Alphonse Gondzia (born 1937?) is a Congolese politician who has served in the Senate of Congo-Brazzaville since 2002. He has also been President of the Senate's Judicial and Administrative Affairs Commission since 2002.

==Political career==
Gondzia was born at Likombo in the Dongou District of Likouala Region, located in the far north of Congo-Brazzaville, around 1937. During the single-party rule of the Congolese Labour Party (PCT), Gondzia was elected to the PCT's 75-member Central Committee at its Third Ordinary Congress, held on 27-31 July 1984. As of 1990, he was a member of the PCT Secretariat, in charge of administration. He worked as Secretary-General of the Ministry of Territorial Administration during the 1990s.

Later, Gondzia stood in the July 2002 Senate election as a PCT candidate in Likouala Region, and he was elected as a Senator. When the Senate began meeting, Gondzia was elected as President of the Senate's Laws and Administration Commission on 23 August 2002. He was additionally designated as the head of the Senate's Congo-China friendship group on 13 December 2004, and he was re-elected as President of the Laws, Administration, and Human Rights Commission on 11 October 2005.

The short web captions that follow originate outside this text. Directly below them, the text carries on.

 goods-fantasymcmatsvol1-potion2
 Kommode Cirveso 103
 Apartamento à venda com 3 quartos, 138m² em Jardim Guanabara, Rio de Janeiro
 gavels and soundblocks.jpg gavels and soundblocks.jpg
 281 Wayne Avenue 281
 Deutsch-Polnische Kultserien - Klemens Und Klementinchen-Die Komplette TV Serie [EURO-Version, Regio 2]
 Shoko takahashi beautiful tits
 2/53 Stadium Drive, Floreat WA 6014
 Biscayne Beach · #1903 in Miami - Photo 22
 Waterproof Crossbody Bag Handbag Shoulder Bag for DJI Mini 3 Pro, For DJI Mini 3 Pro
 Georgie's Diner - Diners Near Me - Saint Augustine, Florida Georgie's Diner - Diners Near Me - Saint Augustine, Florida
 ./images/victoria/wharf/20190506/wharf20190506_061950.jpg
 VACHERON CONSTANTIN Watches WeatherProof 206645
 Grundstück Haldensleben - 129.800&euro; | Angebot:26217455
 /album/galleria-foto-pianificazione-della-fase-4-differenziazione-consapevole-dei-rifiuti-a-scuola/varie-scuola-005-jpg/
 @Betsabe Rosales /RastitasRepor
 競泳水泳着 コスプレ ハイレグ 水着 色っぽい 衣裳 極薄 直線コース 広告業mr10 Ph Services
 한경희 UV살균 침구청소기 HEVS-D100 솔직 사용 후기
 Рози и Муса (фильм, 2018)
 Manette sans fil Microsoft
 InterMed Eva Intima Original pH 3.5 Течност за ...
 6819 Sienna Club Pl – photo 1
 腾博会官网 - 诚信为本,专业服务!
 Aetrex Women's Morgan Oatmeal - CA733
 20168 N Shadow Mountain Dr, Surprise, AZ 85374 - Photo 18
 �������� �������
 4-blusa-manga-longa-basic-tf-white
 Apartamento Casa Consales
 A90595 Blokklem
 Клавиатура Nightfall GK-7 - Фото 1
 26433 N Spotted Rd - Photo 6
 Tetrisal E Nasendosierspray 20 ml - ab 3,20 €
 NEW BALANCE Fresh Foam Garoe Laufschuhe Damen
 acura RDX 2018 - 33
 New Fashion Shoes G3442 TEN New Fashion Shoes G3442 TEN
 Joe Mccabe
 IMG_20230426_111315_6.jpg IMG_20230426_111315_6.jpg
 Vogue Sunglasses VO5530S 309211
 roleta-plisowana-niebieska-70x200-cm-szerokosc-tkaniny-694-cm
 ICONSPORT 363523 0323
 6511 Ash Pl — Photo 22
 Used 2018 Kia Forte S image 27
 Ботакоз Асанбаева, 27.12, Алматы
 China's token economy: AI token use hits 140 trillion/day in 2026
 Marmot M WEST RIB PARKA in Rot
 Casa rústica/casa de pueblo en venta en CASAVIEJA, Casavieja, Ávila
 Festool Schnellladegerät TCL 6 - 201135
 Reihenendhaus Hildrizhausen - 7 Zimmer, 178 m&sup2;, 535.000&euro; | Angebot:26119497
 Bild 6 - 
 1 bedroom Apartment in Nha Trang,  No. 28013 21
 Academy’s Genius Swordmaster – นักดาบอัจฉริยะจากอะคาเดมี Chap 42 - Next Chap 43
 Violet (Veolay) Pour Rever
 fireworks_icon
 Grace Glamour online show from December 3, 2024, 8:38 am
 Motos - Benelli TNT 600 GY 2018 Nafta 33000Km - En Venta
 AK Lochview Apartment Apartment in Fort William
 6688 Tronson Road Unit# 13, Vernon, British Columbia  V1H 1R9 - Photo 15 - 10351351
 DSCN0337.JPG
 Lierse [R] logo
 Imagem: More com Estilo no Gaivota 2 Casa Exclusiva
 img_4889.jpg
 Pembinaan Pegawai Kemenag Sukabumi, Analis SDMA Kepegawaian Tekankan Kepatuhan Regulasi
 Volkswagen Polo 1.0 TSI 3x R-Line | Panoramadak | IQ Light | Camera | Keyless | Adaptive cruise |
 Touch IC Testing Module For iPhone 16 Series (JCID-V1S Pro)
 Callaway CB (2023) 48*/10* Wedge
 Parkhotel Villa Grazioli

Gondzia held a Christmas dinner for 400 children in Dongou in December 2005; he also distributed rice and school supplies. He was a member of the PCT Political Bureau as of 2006; acting as a representative of the PCT, he visited China in June 2006 to attend a Chinese Communist Party seminar regarding development, aid, and other issues involving African nations. On that occasion, he noted that China's investment in Congo was concentrated in infrastructure and he expressed hope that "there will be more investment in other fields".

Together with many other parties, the PCT formed the Rally of the Presidential Majority (RMP), a grouping of parties supporting President Denis Sassou Nguesso, in December 2007. Gondzia then led a six-member RMP delegation to Cuvette-Ouest Department in February 2008 in order to oversee the establishment of the RMP's organizational structures in that department.

Standing as an RMP candidate, Gondzia was re-elected to the Senate in the August 2008 Senate election. He received the votes of 42 of the 57 electors in Likouala, more than any other candidate in Likouala, and thus won the first of the six seats available for the department. Following the election, Gondzia was assigned to head an 11-member ad hoc commission that was responsible for drawing up some modifications to the Senate's internal regulations on 20 August 2008. When the Senate met again on 29 August 2008, the modified internal regulations were adopted and Gondzia was re-elected as President of the Senate's Judicial and Administrative Affairs Commission, in line with a proposal to maintain the existing heads of the Senate commissions in their posts.

During a working visit to Likouala from 23 December 2008 to 3 January 2009, Gondzia distributed gifts in the village of Ikouangala, including an electrical generator and a television with a DVD player and satellite dish. He distributed an assortment of other gifts that had been donated by the Chinese Ambassador to Congo. Gondzia also used the visit to highlight the ongoing revision of the voter rolls in preparation for the 2009 presidential election.

Gondzia was named a Grand Officer of the Congolese Order of Merit on 16 August 2011. Following the October 2011 Senate election, he was re-elected as President of the Senate's Judicial and Administrative Affairs Commission on 24 October 2011.

Gondzia was re-elected to the Senate in October 2014 as a PCT candidate in Likouala, receiving 42 of the 57 possible votes.